When writing a CV or resume, it’s crucial for your writings to be specific.

Oftentimes, there are thousands of CVs for a manager or administrator to go through. In most cases, they don’t have spare energy to imagine the details of how you work or conduct research. 

As a result, you should include your most notable and related achievements to create depth in your CV or resume writing, either using quantified results to support your decision or describing valuable insights you’ve learned. They can become hooks to invite the officers for a further discussion.

✅ Tip 4: Start with an intriguing professional summary. 

Although a summary section is not required in a CV or resume, writing this short bio allows you to highlight the most important information you want the managers to know. 

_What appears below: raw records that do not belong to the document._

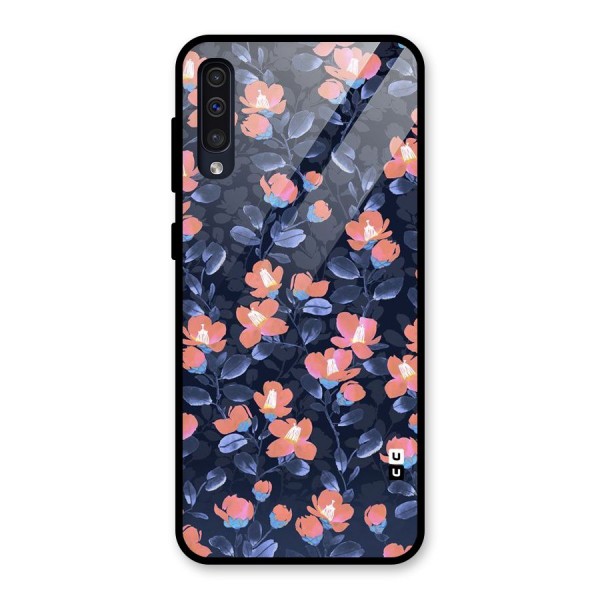 Tiny Peach Flowers Glass Back Case for Galaxy A50
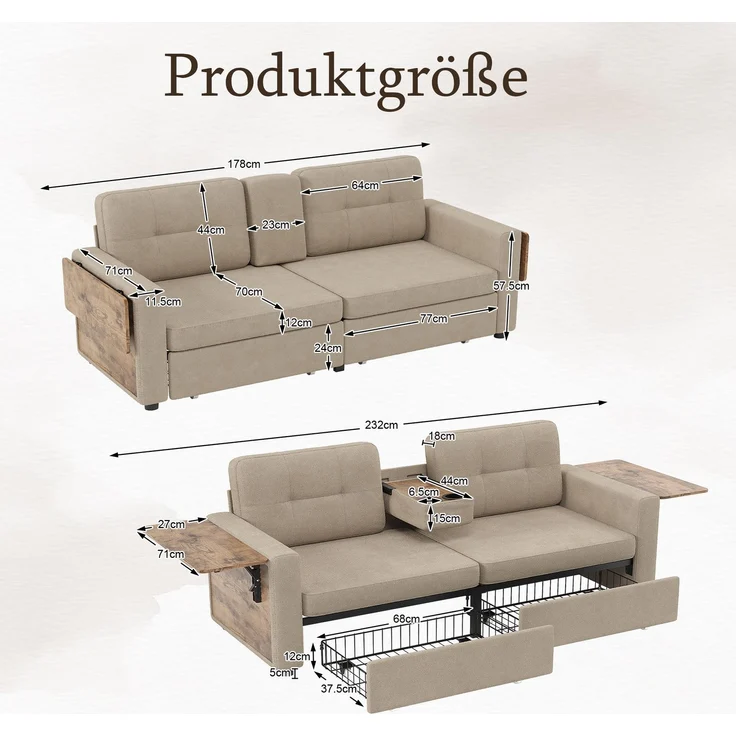 ZUBALIYA Schlafsofa 71x57.5 cm, mit Schreibtisch, mit Schubladen, mit Stauraum, mit Ablageflächen, mit Ausziehbett – Bild 7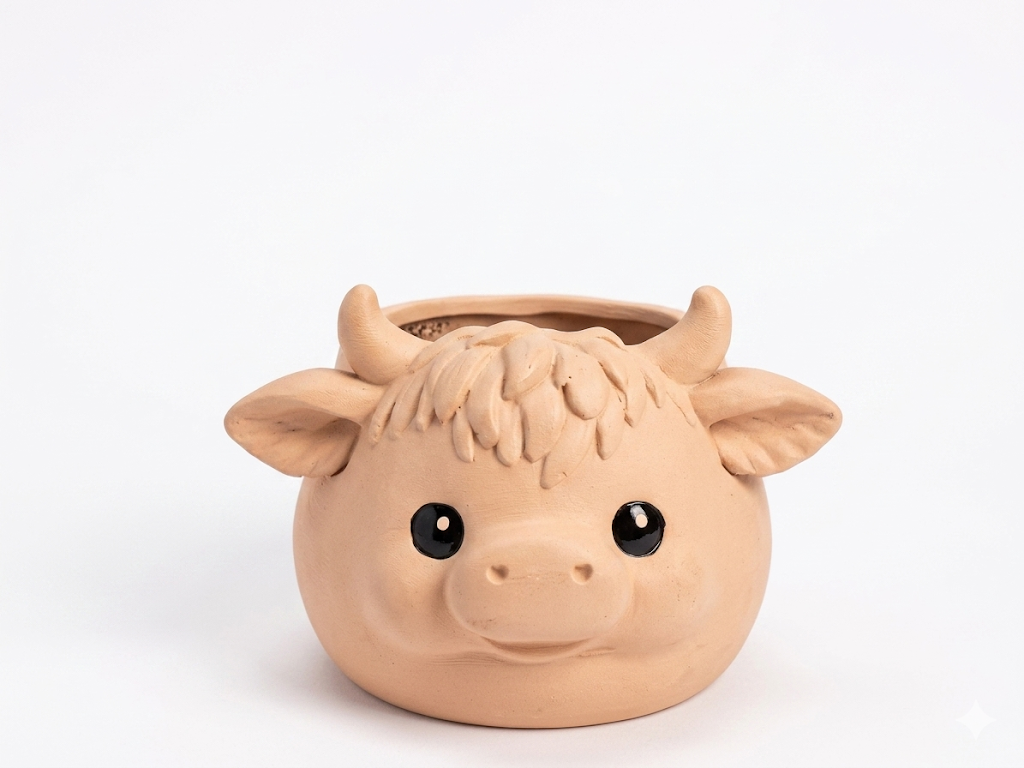 Chubby Highland Cow planter - Image 3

Within two sentences, it explains how your experience can connect with the position you are applying for, which is their major interest.

✅ Tip 5: Proofread.

No matter how confident you are with your CV writing, you should always proofread. Find someone in the program, faculty, or industry to give you advice. Get rid of typos or grammar mistakes as they are considered nuisances.

CV Template


CV Title / CV Headline

[Email Adress]
[Phone Number]
[Portfolio or Personal Website]

Professional Summary

  • 3-5 sentences that sum up your CV and professional objective.
  • Use quantifiable performances and achieved results to substantiate your statement.

Professional Experience

  • For professional experiences:

[Your Position]
[Date and Duration]
[Description of Your Responsibilities]

  • For research experience:

[Your Research or Lab Position: Full-time/Associate/Assistant]
[Date and Duration]
[Description of Your Responsibilities]

  • For teaching experience:

[Course Name]
[TA or other position]
[Date and Duration]
[Description of Your Responsibilities]


[Year of Completion]
[Degree Type]
[Major & Minors]
[Department and Institution]


  • List soft skills, technical skills, and language skills.
  • Use categories to organize your skills.
  • For language skills, indicate your proficiency. 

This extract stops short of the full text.